A guy in Guam has apparently married a virtual girl from a video game. That is one honeymoon sex tape we do not want to see.

By (@JRRaphael)

November 20, 2009

Video Game MarriageLadies and gentlemen, we have officially reached a new level of lameness: A guy in Guam has seemingly married a made-up character from a video game. Yes, married. For realsies.

The fellow, according to blog reports, fell in love with a virtual girl from a Nintendo DS game. He took his console into a church and made an honest, um, cartoon out of her.

The game is called Love Plus, by Konami. For those of you who aren’t antisocial losers, I took the liberty of looking up some facts about this piece of lonely-man porn:

The first half of the game is about getting along with the three [female] characters … and the second half will be after one of the girls confesses her love to you.

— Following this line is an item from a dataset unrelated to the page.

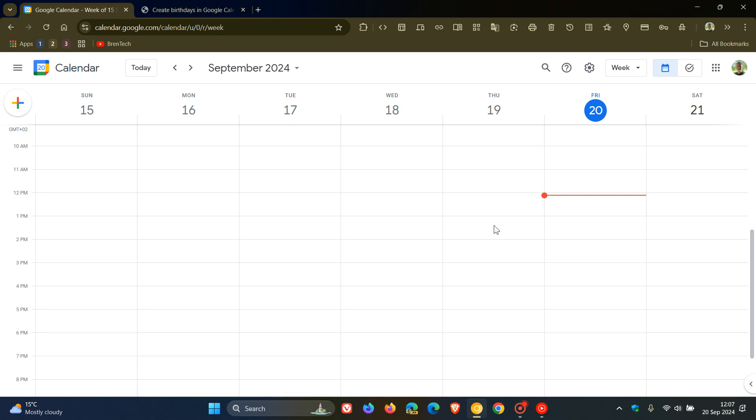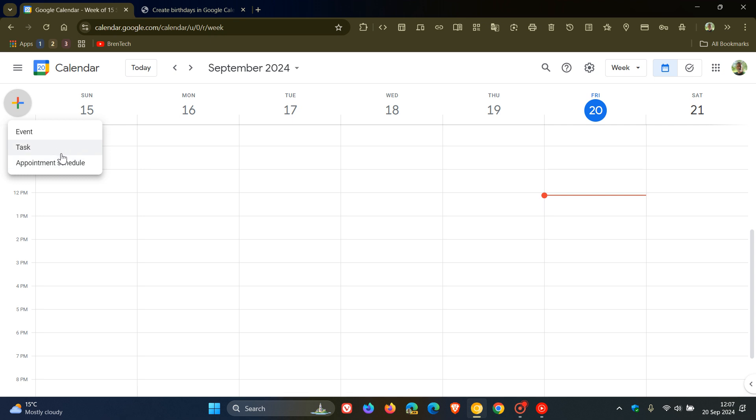Hi, Brain Tech here where Tech is made simple. Currently Google Calendar automatically pulls in birthday information from Google Contacts, and it's not possible to create birthday events directly in Google Calendar.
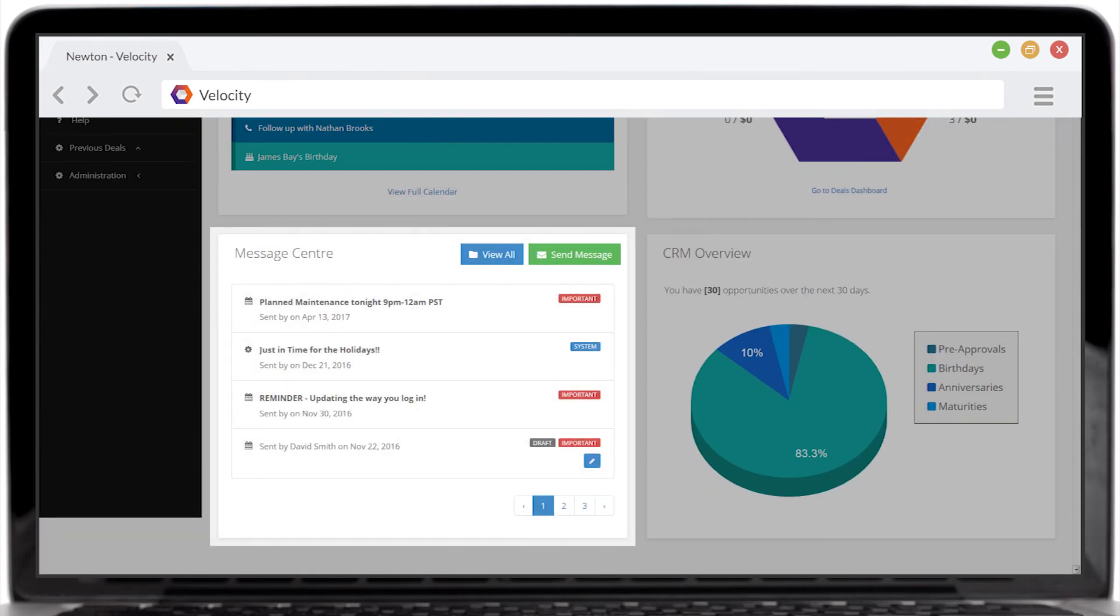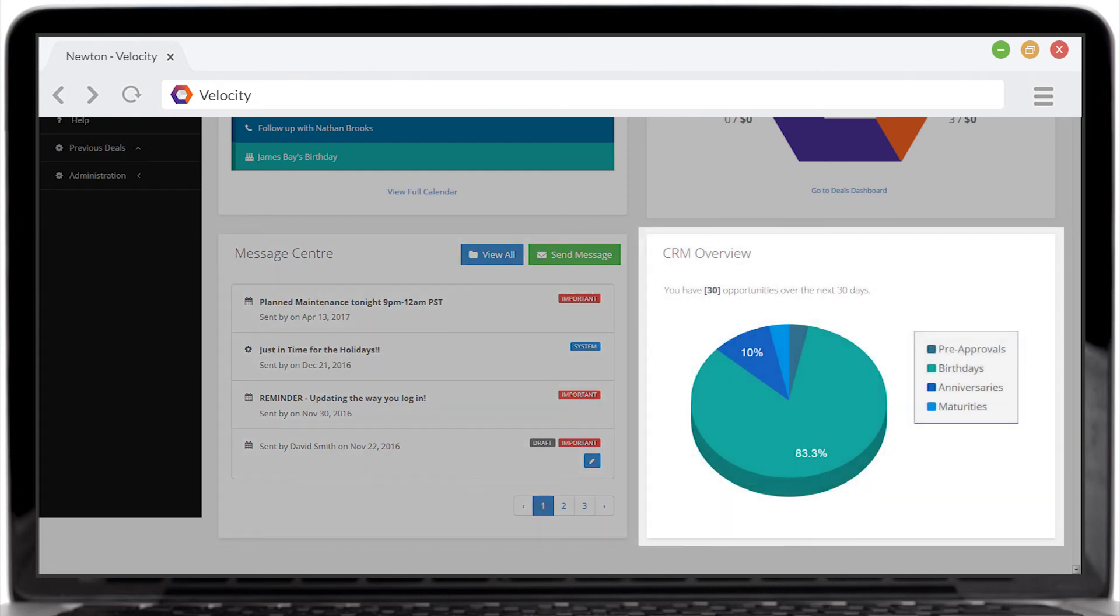The message center keeps you up to date and even allows you to send a quick message from the dashboard. The CRM overview identifies opportunities to connect with your contacts and generate business.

It’s that second half where the wild masturbation typically begins.

You can have contact with the girl using the touch pad.

You cannot, however, touch her with your joystick.

Players are free to set how they want the girl to address them by. Everything from “anata” or “goshujinsama” to personal names like “akihiro” or “keisuke” are possible and will be fully voiced.

Love Plus Video Game MarriageJust don’t try for “Big Poppa.” You aren’t fooling anyone.

Studying for tests in the game will be done in a quiz format. If you get everything right, you can get a reward from the girl.

If you do really well, she’ll even pretend you aren’t pathetic.

It also supports the in-built DS microphone and has voice recognition, allowing the player to actually talk to the girl. As an example, you can ask her what she likes and she would reply.

Stock responses include “awkward dorks who get boners over video games” and “greasy nerds who live in their parents’ basement.”

The events using the touch pad aren’t simple stuff like flipping her skirt … but something that would make the player start sweating from embarrassment. There will also be scenes which will be thrilling in more ways than one.

Hey, there’s no thrill like your first time. Your first time pretending to make out with a cartoon girl, that is. When you’re 27 years old.

In defense of our pitiful lame-ass happy groom, he’s not the only one trying to get serious with these on-screen lolitas: Thirty-five hundred people and counting have signed an online petition to legalize marriage between men and two-dimensional characters in Japan.

In related news, there are 12,700 Google results for “Nintendo DS liquid damage.” You do the math.